RECORDS SUPPLIED -
____________

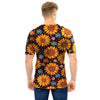 Sunflowr Floral Men T Shirt-grizzshop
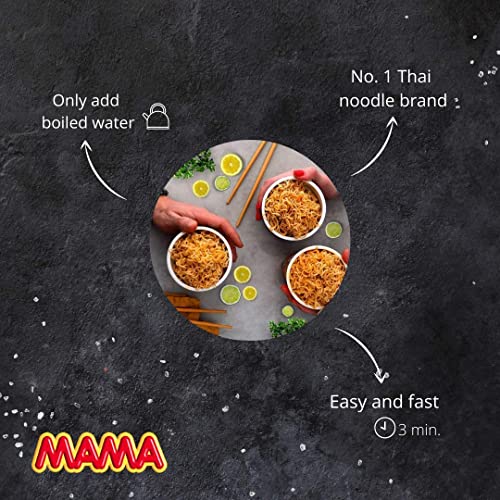 MAMA Oriental Style Instant Noodles Shrimp Creamy Tom Yum Flavour 90g Jumbo (Pack of 20) 1 Case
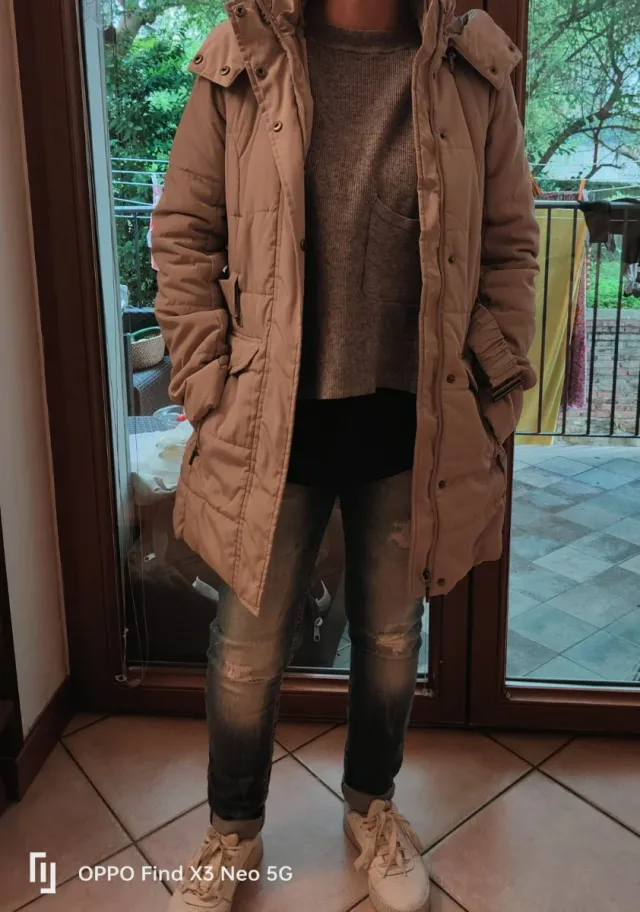 Giaccone donna beige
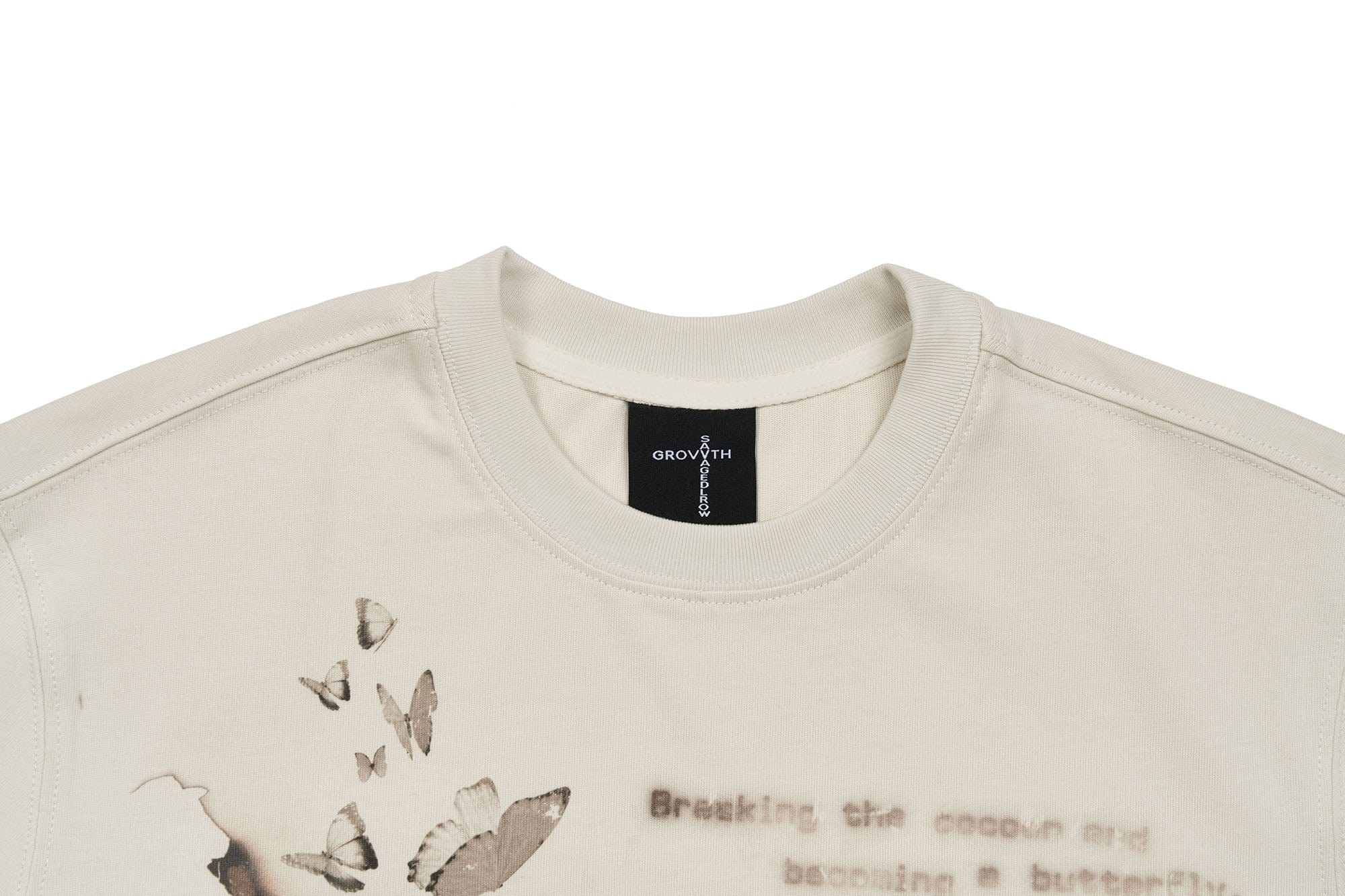SAVAGEGROWTHWORLD Burnt Butterfly Graphic T-Shirt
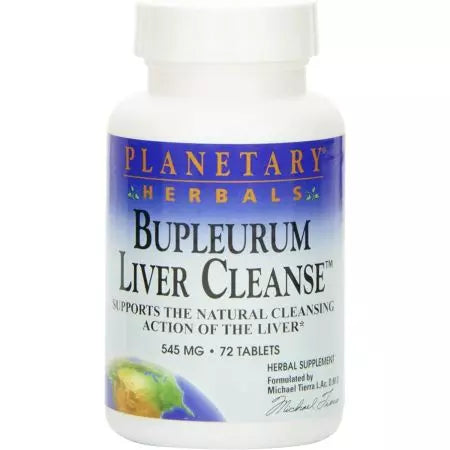 Herbes planétaires Bupleurum Clean à foie 545 mg 72 comprimés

____________

WORK TO COMPLETE - The output should be the material above, copied exactly, without its pictures.

FINISHED TASK -
 Sunflowr Floral Men T Shirt-grizzshop
 MAMA Oriental Style Instant Noodles Shrimp Creamy Tom Yum Flavour 90g Jumbo (Pack of 20) 1 Case
 Giaccone donna beige
SAVAGEGROWTHWORLD Burnt Butterfly Graphic T-Shirt
 Herbes planétaires Bupleurum Clean à foie 545 mg 72 comprimés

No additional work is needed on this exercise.